Frequency of specific taxa according to metadata category

fstudart · March 14, 2018, 5:04pm

Hi Everyone,
I collapsed one of feature stables at the genus level. After doing that, it says how many times a specific genus was found across all samples and also in how many samples this particular genus was found.

In my data, the genus Streptococcus was found in 93 out of 98 samples. I'd like to know, if possible, out of these 93 samples, how many samples were observed in a specific group according to my metadata file.
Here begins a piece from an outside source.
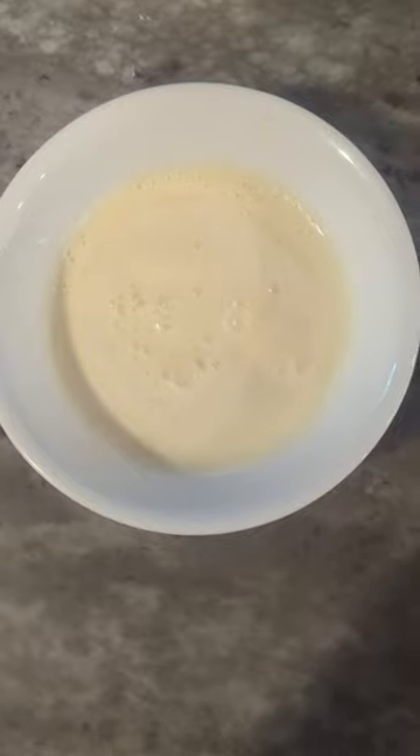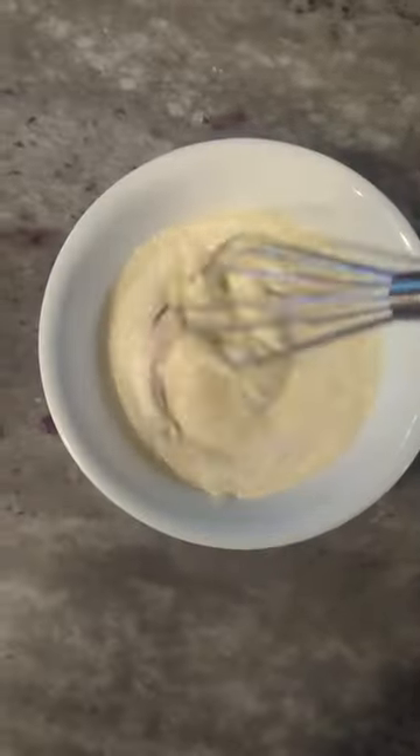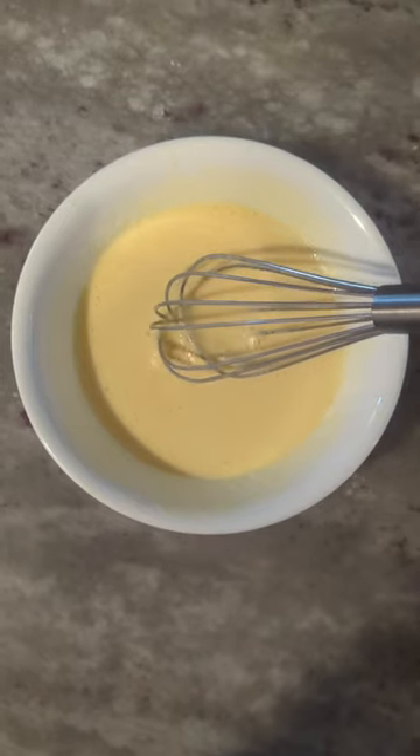This is the easiest creme brulee recipe ever. All you need is some sugar, some melted ice cream, and an egg. Put one egg in here and whisk until all combined.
For example, out of these 93 samples, this genus was found in xx COPD samples and the remainder was observe in control samples.
I thought about filtering my feature data (according to my metadata file, e.g., only select COPD patients) to figure this out. But, is there other way that I can do this?

Thanks very much,
FS

colinbrislawn · March 15, 2018, 2:28am

Good evening Fernando,

One option would be to export your feature table, then convert that table into a .tsv file and open it up in Excel.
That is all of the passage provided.